[PATCH 1/2] arm64: Refactor vDSO time functions
Will Deacon
will.deacon at arm.com
Fri Jul 8 07:11:44 PDT 2016
Hi Kevin,
On Mon, May 09, 2016 at 01:37:00PM +0100, Kevin Brodsky wrote:
> Time functions are directly implemented in assembly in arm64, and it
> is desirable to keep it this way for performance reasons (everything
> fits in registers, so that the stack is not used at all). However, the
> current implementation is quite difficult to read and understand (even
> considering it's assembly). Additionally, due to the structure of
> __kernel_clock_gettime, which heavily uses conditional branches to
> share code between the different clocks, it is difficult to support a
> new clock without making the branches even harder to follow.
>
> This commit completely refactors the structure of clock_gettime (and
> gettimeofday along the way) while keeping exactly the same algorithms.

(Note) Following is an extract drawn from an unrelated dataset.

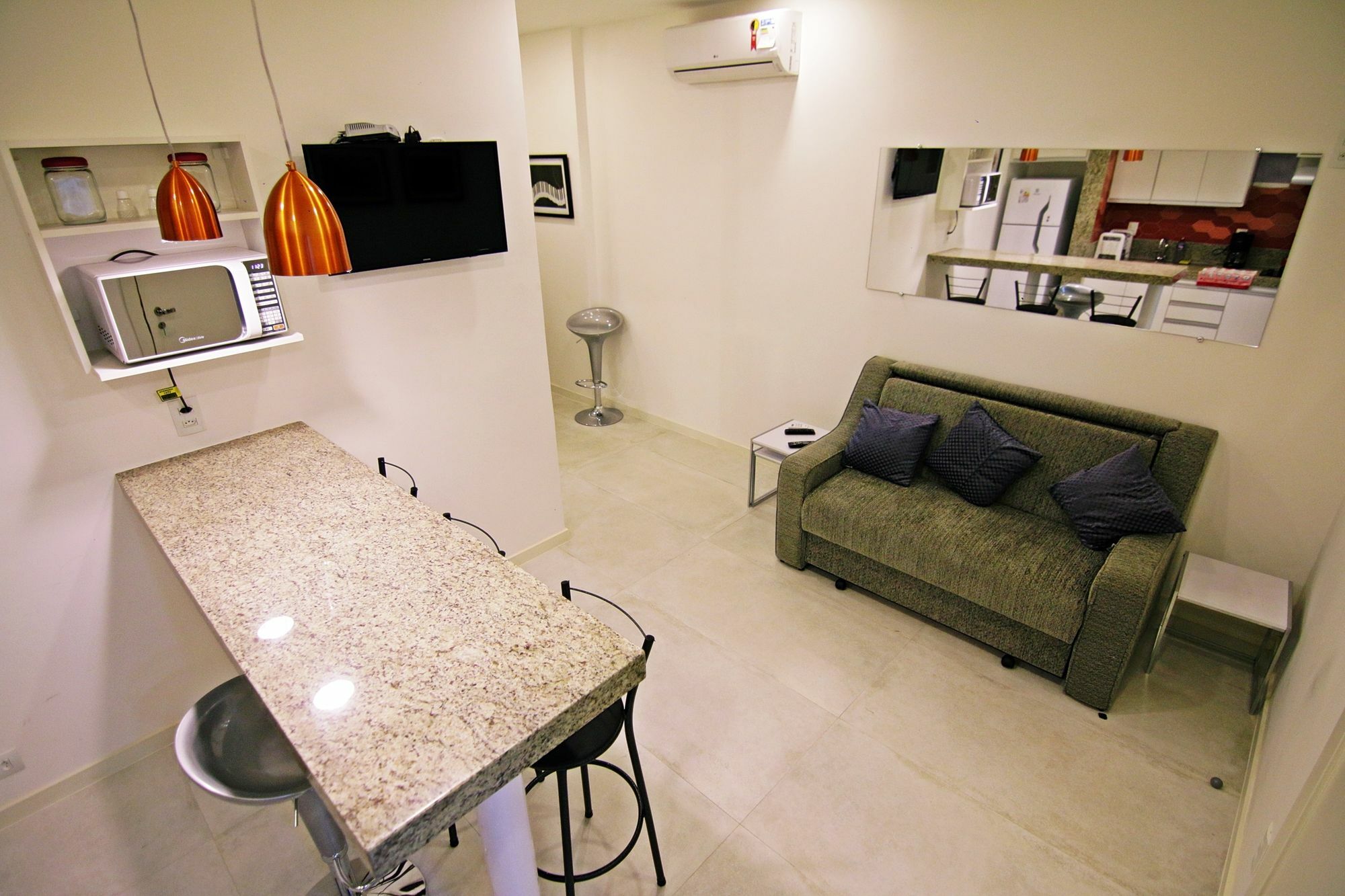 Rio Spot Homes Copacabana U033 Río de Janeiro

> We no longer try to share code; instead, macros provide common
> operations. This new approach comes with a number of advantages:
> - In clock_gettime, clock implementations are no longer interspersed,
> making them much more readable. Additionally, macros only use
> registers passed as arguments or reserved with .req, this way it is
> easy to make sure that registers are properly allocated. To avoid a
> large number of branches in a given execution path, a jump table is
> used; a normal execution uses 3 unconditional branches.
> - __do_get_tspec has been replaced with 2 macros (get_ts_clock_mono,
> get_clock_shifted_nsec) and explicit loading of data from the vDSO
> page. Consequently, clock_gettime and gettimeofday are now leaf
> functions, and saving x30 (lr) is no longer necessary.
> - Variables protected by tb_seq_count are now loaded all at once,
> allowing to merge the seqcnt_read macro into seqcnt_check.
> - For CLOCK_REALTIME_COARSE, removed an unused load of the wall to
> monotonic timespec.
> - For CLOCK_MONOTONIC_COARSE, removed a few shift instructions.
>
> Obviously, the downside of sharing less code is an increase in code
> size. However since the vDSO has its own code page, this does not
> really matter, as long as the size of the DSO remains below 4 kB. For
> now this should be all right:
> Before After
> vdso.so size (B) 2776 2936
>
> Cc: Will Deacon <will.deacon at arm.com>
> Cc: Dave Martin <dave.martin at arm.com>
> Signed-off-by: Kevin Brodsky <kevin.brodsky at arm.com>
> ---
> arch/arm64/kernel/vdso/gettimeofday.S | 282 +++++++++++++++++++---------------
> 1 file changed, 162 insertions(+), 120 deletions(-)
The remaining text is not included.